ADeLe v1.0: A battery for AI Evaluation with explanatory and predictive power

This is a collaborative community, initiated by researchers at the Leverhulme Centre for the Future of Intelligence, University of Cambridge, for the use and extension of ADeLe v1.0, a battery for AI evaluation with explanatory and predictive power, currently focusing on LLMs.

The ADeLe (Annotated-Demand-Levels) battery includes 63 tasks from 20 benchmarks and was introduced in the original paper. This battery was annotated using 18 rubrics for Demand-Level-Annotation (DeLeAn v1.0) of general scales.

ADeLe, for the first time, enables researchers to infer the ability profiles of LLMs, comprehensively explaining what they can and cannot do. This makes it possible to understand and extrapolate benchmark results, and thus to anticipate when and where they will perform reliably and safely at instance-level. At the same time, ADeLe can be extended by applying the DeLeAn rubric to new benchmarks and thus understanding what they really measure. The figure below (from the original paper) shows this process.

Our methodology

From ARIV LINK.

Demand annotation of benchmarks on general scales


The considered dimensions

The DeLeAn rubrics consider 7 broad capabilities from Tolan et al. (2021) grounded in cognitive science (such as the Cattell–Horn–Carroll theory) and applicable to LLMs, and add subdimensions (leading to 11). It also includes domain ‘knowledge’ (with 5 subdimensions) and 2 ‘extraneous’ dimensions: Atypicality and Volume, to account for elements that make the task more challenging independently of primordial or knowledge demands. An additional dimension, Unguessability, is computed algorithmically by considering the number of choices, instead of using a rubric.

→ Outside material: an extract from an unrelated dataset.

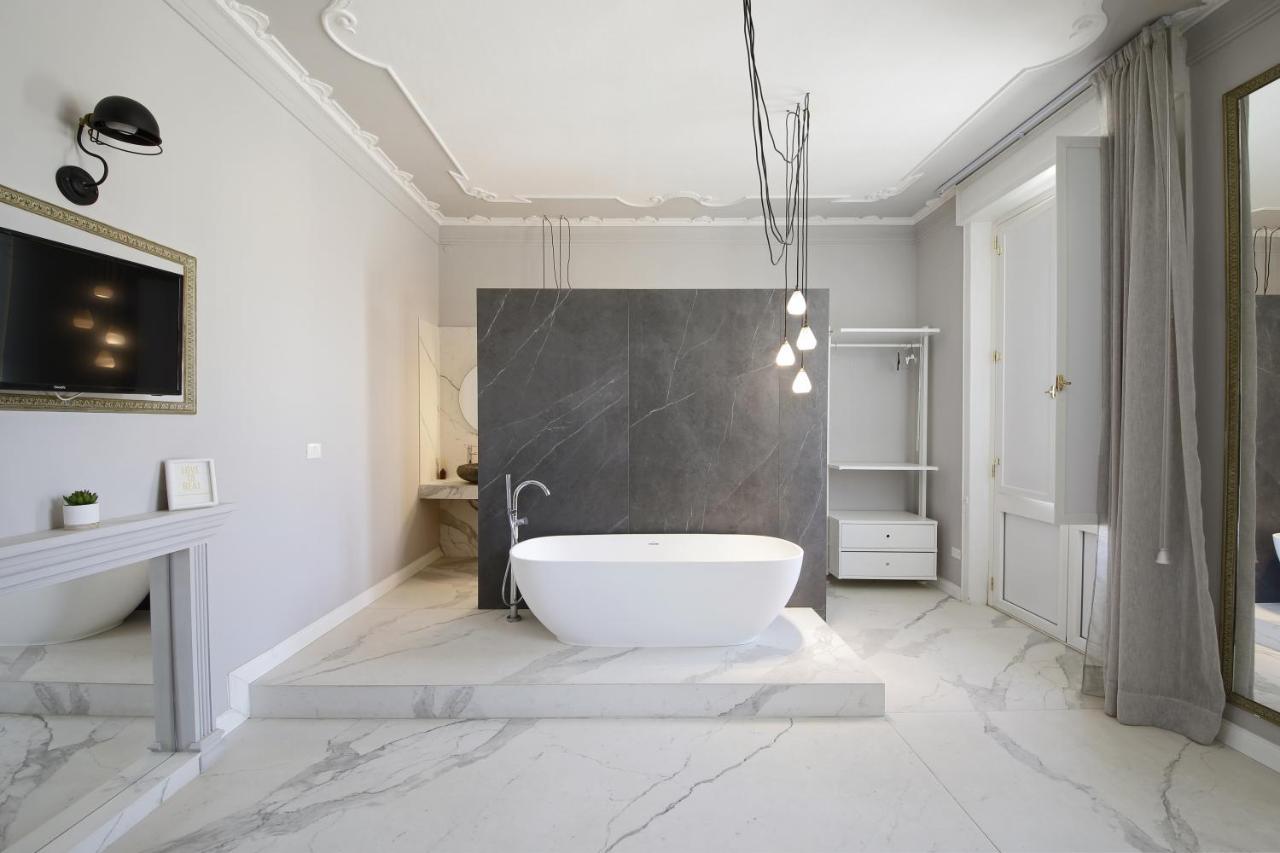 Le Bain Suite - Accanto Al Mare Vicinissima A Ortigia E Al Teatro 锡拉库扎 外观 照片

Dimension (Broad) Dimension
(Specific)
Description of Demands
AS Attention and Scan AS Attention and Scan Focus on or locate specific elements within a given stream of information or environment in the whole process of solving a task.
CE Comprehension and Expression CEc Verbal Comprehension Understand text, stories or the semantic content of other representations of ideas in different formats or modalities.
CEe Verbal Expression Generate and articulate ideas, stories, or semantic content in different formats or modalities.
CL Conceptualisation, Learning and Abstraction CL Conceptualisation, Learning and Abstraction Build new concepts, engage in inductive and analogical reasoning, map relationships between domains, and generate abstractions from concrete examples.
MC Metacognition and Critical Thinking MCr Identifying Relevant Information Recognise what information helps solve the task or does not, and how this recognition process unfolds as they work toward the solution.
MCt Critical Thinking Processes Monitor or regulate multiple thought processes to answer the question effectively, ranging from simple recall to high-level critical thinking.
MCu Calibrating Knowns and Unknowns Recognise the boundaries of one's knowledge and confidently identify what one knows they know, knows they don't know, or is uncertain about.
MS Mind Modelling and Social Cognition MS Mind Modelling and Social Cognition Model the minds of other agents or reasoning about how the beliefs, desires, intentions, and emotions of multiple other agents might interact to determine future behaviours.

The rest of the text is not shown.